**About this exercise**
The response should repeat word for word every line below from the one with "We can add a" to the one with "We're going to go", inclusive, and nothing else; leave pictures out.

=== Section Start ===

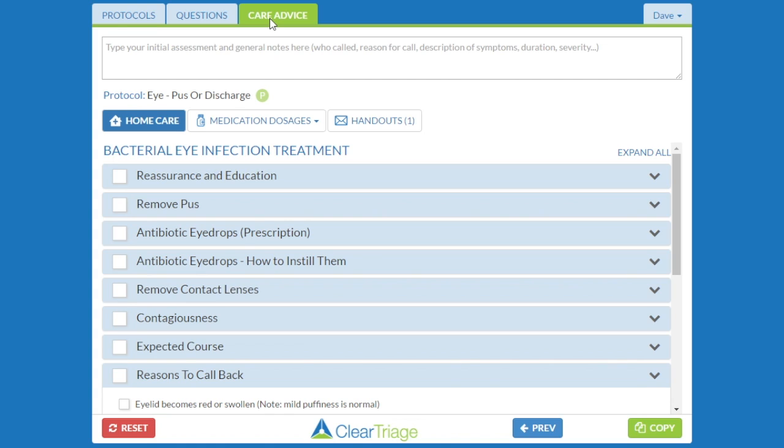That's the difference between sticky notes — adding general information on top — versus customizing the protocol by making changes within the questions or care advice.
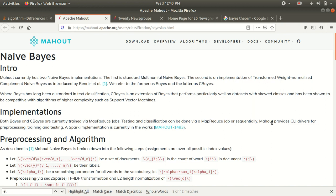Hello everyone, this is Amrit Pal Singh. Welcome to my next video on Apache Mahout. In this video, I'll be talking about how we can implement Naïve Bayes theorem on Apache Mahout. The reason I've selected Naïve Bayes is because I've already covered in my Apache Mahout playlist the implementation of clustering and recommendation, and one of the important applications is classification. So that's why I've chosen Naïve Bayes under classification, which comes under supervised learning.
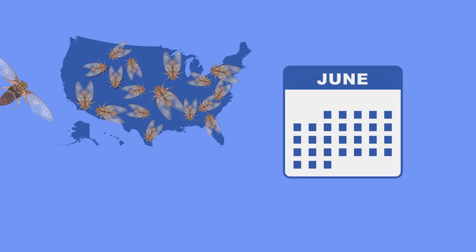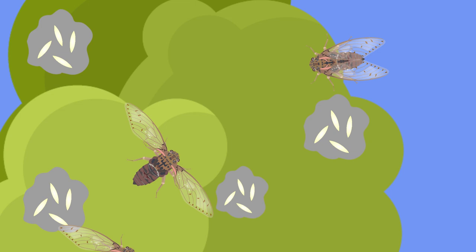Cicadas live two to four weeks flying around to mate and lay their eggs in trees and shrubs, which leaves the plants at risk for the future hatch and destructive outcomes.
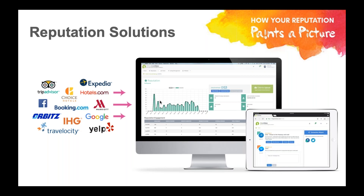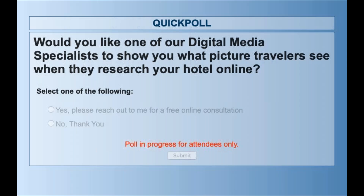Travel Media Group comes in as experts helping hoteliers paint their best picture to travelers. We have tools online that can show you exactly what travelers are seeing and how you can help with conversion rate. Before I wrap up, I'll launch one more poll to see if anyone would like a digital media specialist to show what type of pictures travelers are seeing when they research your hotel online — a tool to show how travelers see you and how you can convert better.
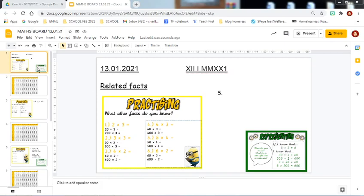Good morning, dear Year Four. If you missed the live lesson this morning, this lesson is here for you to use to catch up and ensure that your maths work is completed. We are continuing on from yesterday's lesson and we are going to look at the practicing challenge.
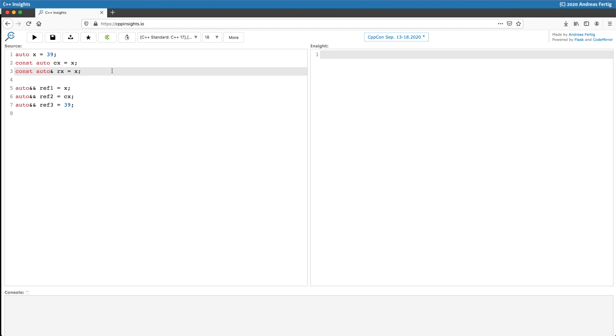In this episode I will talk about auto-type deduction which made it into the language with C++11 and it sometimes still causes questions.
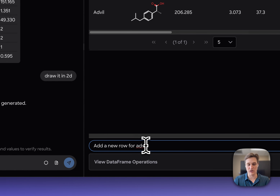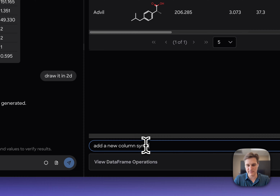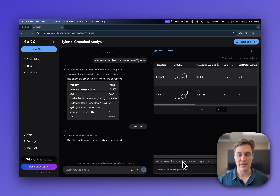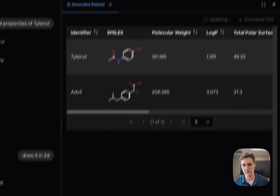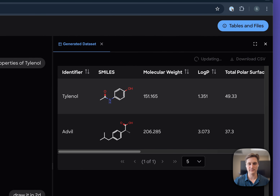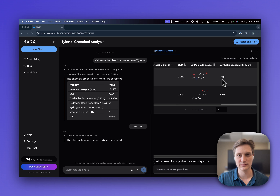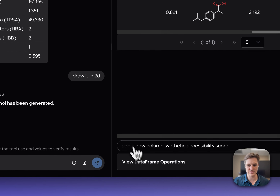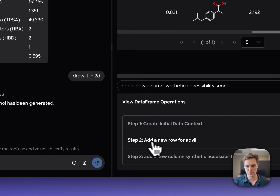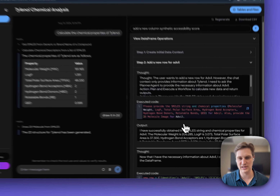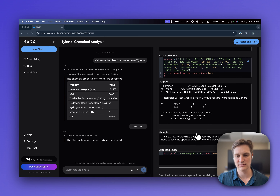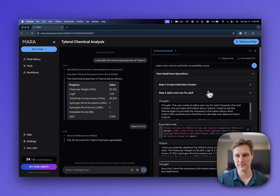We can add a new column as well — maybe for an additional chemical descriptor like synthetic accessibility score. It will check what tools are available, create a new column, and go ahead and start doing operations to add it. You can even drag and drop an SDF file to automatically construct a SAR table for quick analysis. The synthetic accessibility score has now been populated for both entries. We can even look at the previous dataframe operations that were done — in this case, add row for Advil — and scroll down to see the thought process and executed code around tools and tool use.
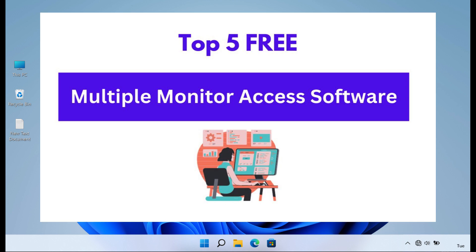In today's digital age, many individuals and professionals rely on multiple monitors to increase productivity and efficiency. With the use of the right multiple monitor access software, users can effectively manage and control their multi-monitor setups.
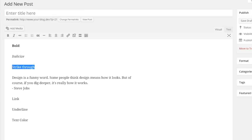You can strike through your text by clicking on the strike through icon. This is typically used to show errors or changes made to your post.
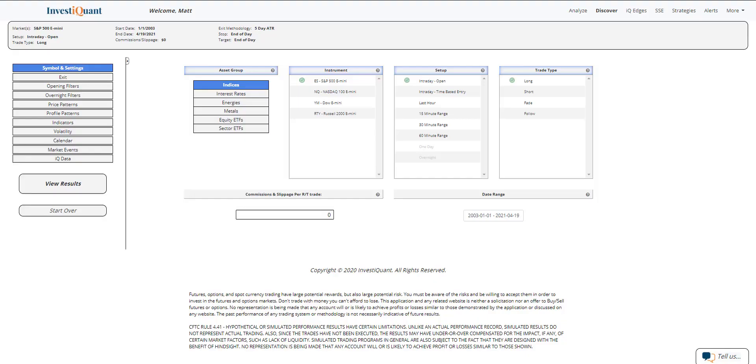Hey, this is Matt from Investiquant. Today is Monday, April 19, 2021, and Friday was options expiration day.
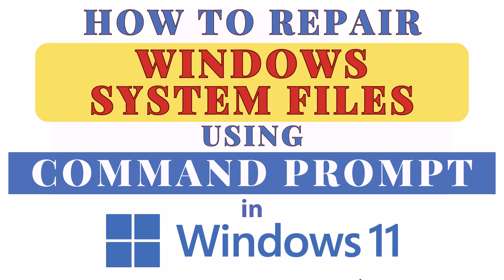This is going to be a video tutorial on how to repair your Windows system files using Command Prompt in Windows 11.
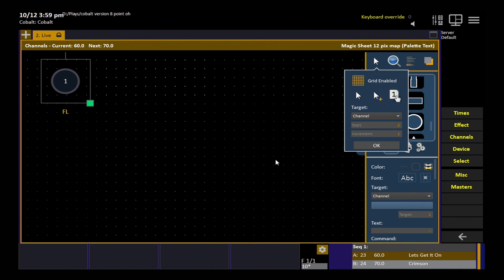So I want to insert the next available channel after that. If I did an increment of two or an increment of 10, it would do one, 11, 21, and so on and so forth, based on these starting numbers and the increment numbers. So right now, start with the next channel, channel two, increment by one channel.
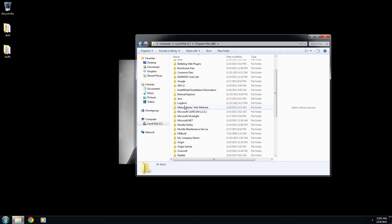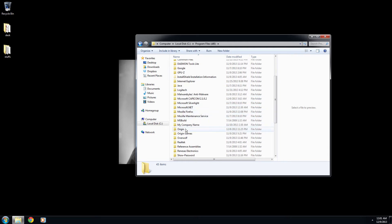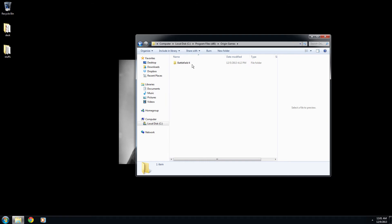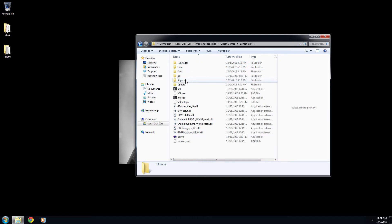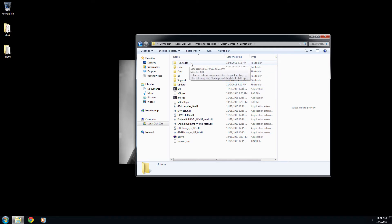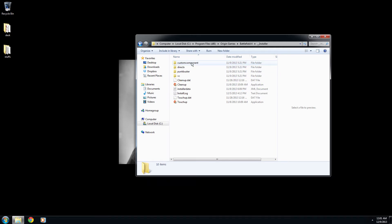We're going to go down here and we're going to see Origin Games. We're going to open that folder up. We're going to open the Battlefield 4 folder up. And then what you want to do is select the very one up here that you see. It's underscore installer. Open it up.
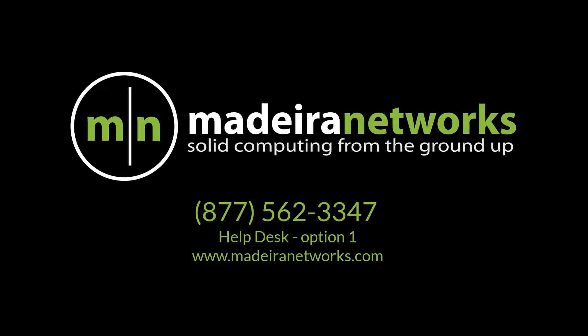Thank you for watching the Madeira Network's help videos, where knowledge is key. We hope you found this video educational and easy to follow. Feel free to give us a call if you have any further questions, we'd be more than happy to assist you. Have a great rest of your day.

=== Section End ===

**Finished task**
We can add a new column as well — maybe for an additional chemical descriptor like synthetic accessibility score. It will check what tools are available, create a new column, and go ahead and start doing operations to add it. You can even drag and drop an SDF file to automatically construct a SAR table for quick analysis. The synthetic accessibility score has now been populated for both entries. We can even look at the previous dataframe operations that were done — in this case, add row for Advil — and scroll down to see the thought process and executed code around tools and tool use.
In today's digital age, many individuals and professionals rely on multiple monitors to increase productivity and efficiency. With the use of the right multiple monitor access software, users can effectively manage and control their multi-monitor setups.
You can strike through your text by clicking on the strike through icon. This is typically used to show errors or changes made to your post.
Hey, this is Matt from Investiquant. Today is Monday, April 19, 2021, and Friday was options expiration day.
This is going to be a video tutorial on how to repair your Windows system files using Command Prompt in Windows 11.
So I want to insert the next available channel after that. If I did an increment of two or an increment of 10, it would do one, 11, 21, and so on and so forth, based on these starting numbers and the increment numbers. So right now, start with the next channel, channel two, increment by one channel.
We're going to go down here and we're going to see Origin Games. We're going to open that folder up. We're going to open the Battlefield 4 folder up. And then what you want to do is select the very one up here that you see. It's underscore installer. Open it up.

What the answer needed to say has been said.